The appellant's view was that the filing of the appeal documents, which he had discussed with Mr Dwyer, a clerk of the Brisbane Magistrates Court, was sufficient and duly instituted the appeal. It has come to the respondent's attention on 30 May 1995, when the office of the Director of Public Prosecutions gave appropriate advice. This, of course, was too late to assist the appellant.
The potential unfairness of the requirement to serve the respondent within a short period of time has often been commented on and the desirability of amending the arrangements adverted to. It seems to me the just system would be one in which the Court in some way undertook the responsibility of serving respondents, at least those being members of the Police Force, who are presumably easy to find. One can readily understand why lay people such as the appellant, at the least, would think that filing of a notice of appeal in the Court was sufficient.
Mr Kelly, who, on behalf of the respondent, raises the technical objection to the Court's jurisdiction to deal with the appeal, or to extend time for service, so that the appeal may be regularized, points out that the appellant is certainly not the ordinary, layman, having been a successful appellant in the past. One occasion specified was an appeal to this Court, No 111 of 1994, in which the respondent faced a similar difficulty to that confronting him today. The difference was that he had attempted to effect service on the respondent but unsuccessfully. The respondent then did not take the point against him, unlike the respondent today.

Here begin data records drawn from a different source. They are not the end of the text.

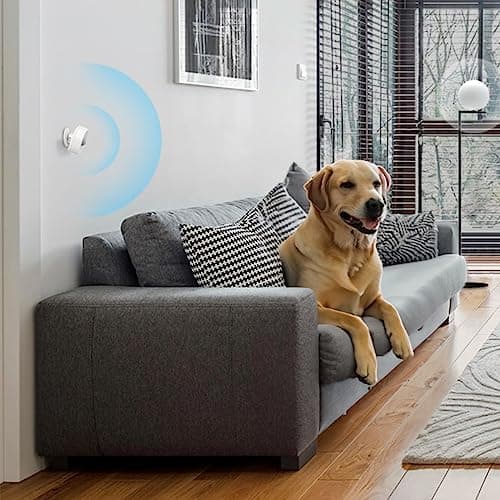 TP-Link Tapo Motion Sensor, Requires Tapo Hub, Long Battery Life w/Sub-1G Low-Power Wireless Protocol, Wide Range Detection, Adjustable Sensitivity, Real-Time Notification, Smart Action, Tapo T100 5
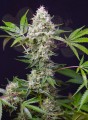 SWEET SEEDS - Blow Mind Auto
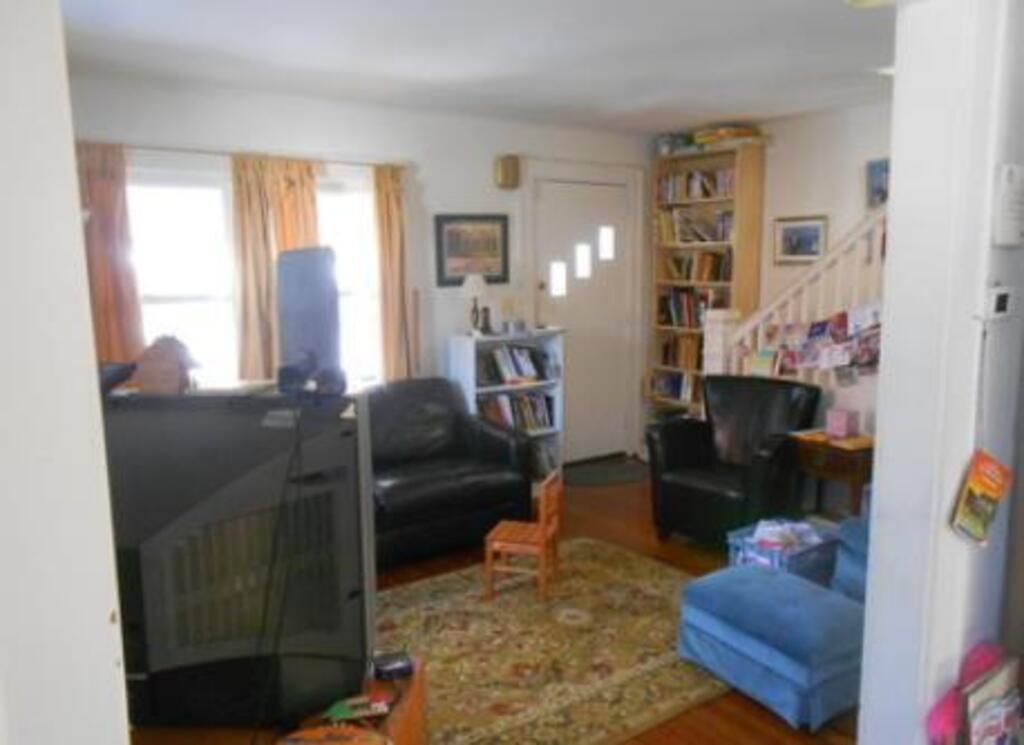 Living Room Area - Couch converts to double bed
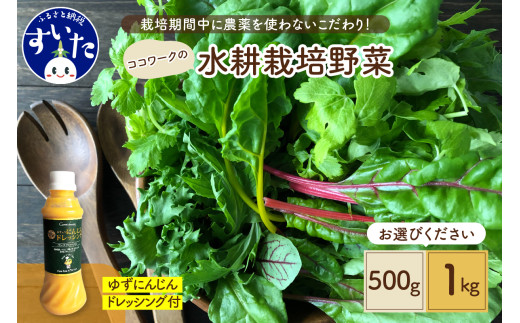 [選べる容量 約500g or 約1kg] ココワークの水耕栽培野菜 ゆず人参ドレッシング セット 栽培期間中 農薬不使用 [大阪府吹田市]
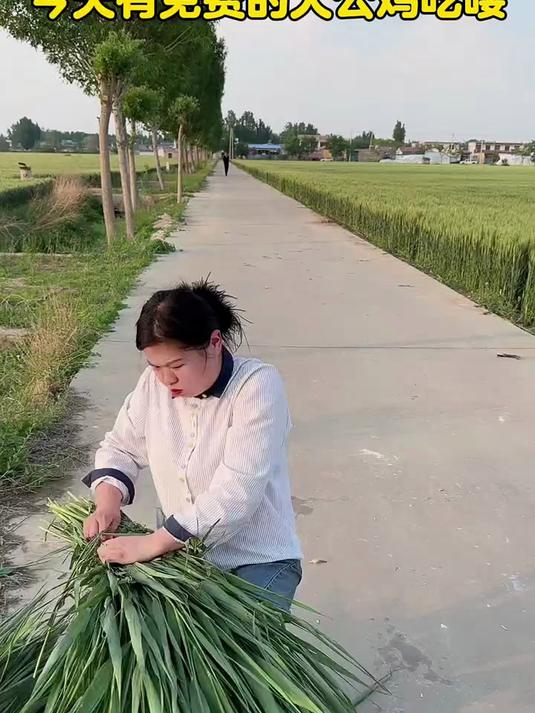今天有免费的大公鸡吃喽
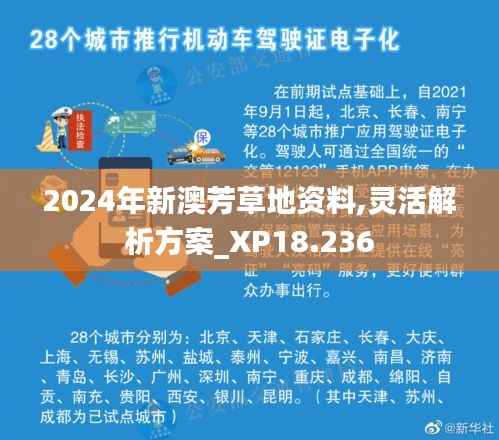 2024年新澳芳草地资料,灵活解析方案_XP18.236
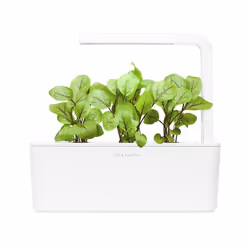 Click & Grow Bloody Sorrel 3 pièce(s) Oseille sanguine Remplir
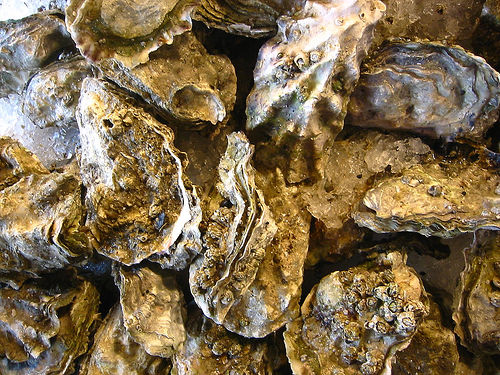 oyster photo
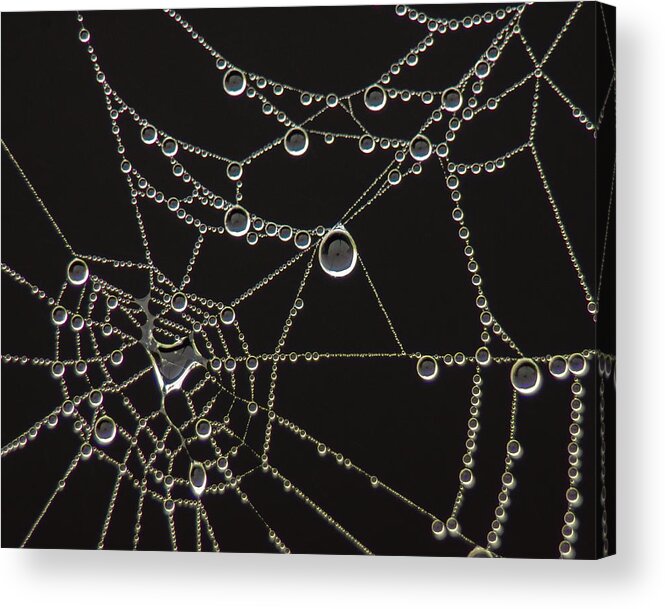 Spider Web Acrylic Print featuring the photograph Connect the Dots by Bill Pevlor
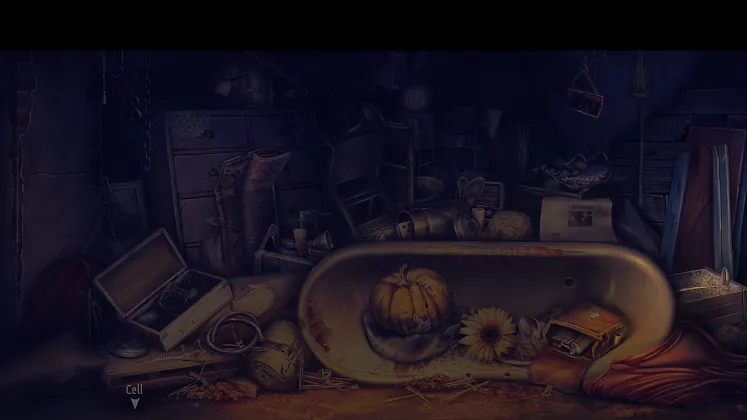 Murder In the Alps: Forgotten Momento - Investigation 1: Dark Room Open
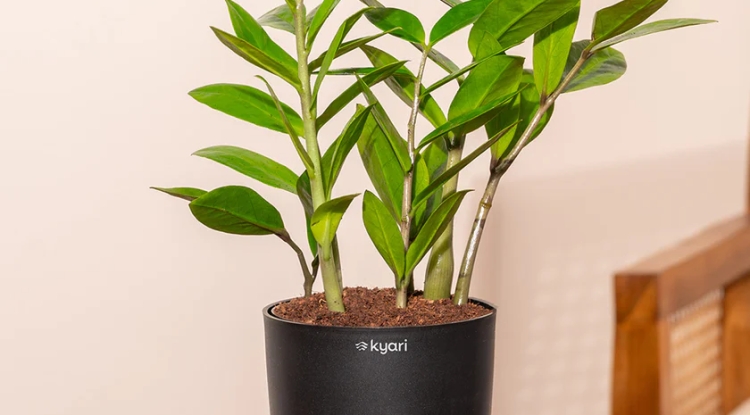 Why the ZZ Plant is the Perfect Low-Maintenance Houseplant - BIP Columbus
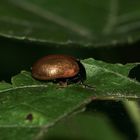 (1) Der Große Pappelblattkäfer (Chrysomela populi) ...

In my opinion, the decision of the Court of Appeal in GSA Industries (Aust) Pty Ltd (trading as Actrol Parts) v. Patrick Lawrence Tully (Appeal No 214 of 1993, the judgment delivered 30 May 1994) controls what I may do today. The appellant, and now perforce applicant for an extension of time to serve the respondent, is simply unable to establish that he comes within section 222(2)(a)(1) as explained in the Court of Appeal's judgment. It follows that the appeal is to be dismissed with costs, an order which I make with some regret, for reasons which appear above.
I make an order for issue of a warrant under section 231(4) of the Justices Act in respect of the appellant.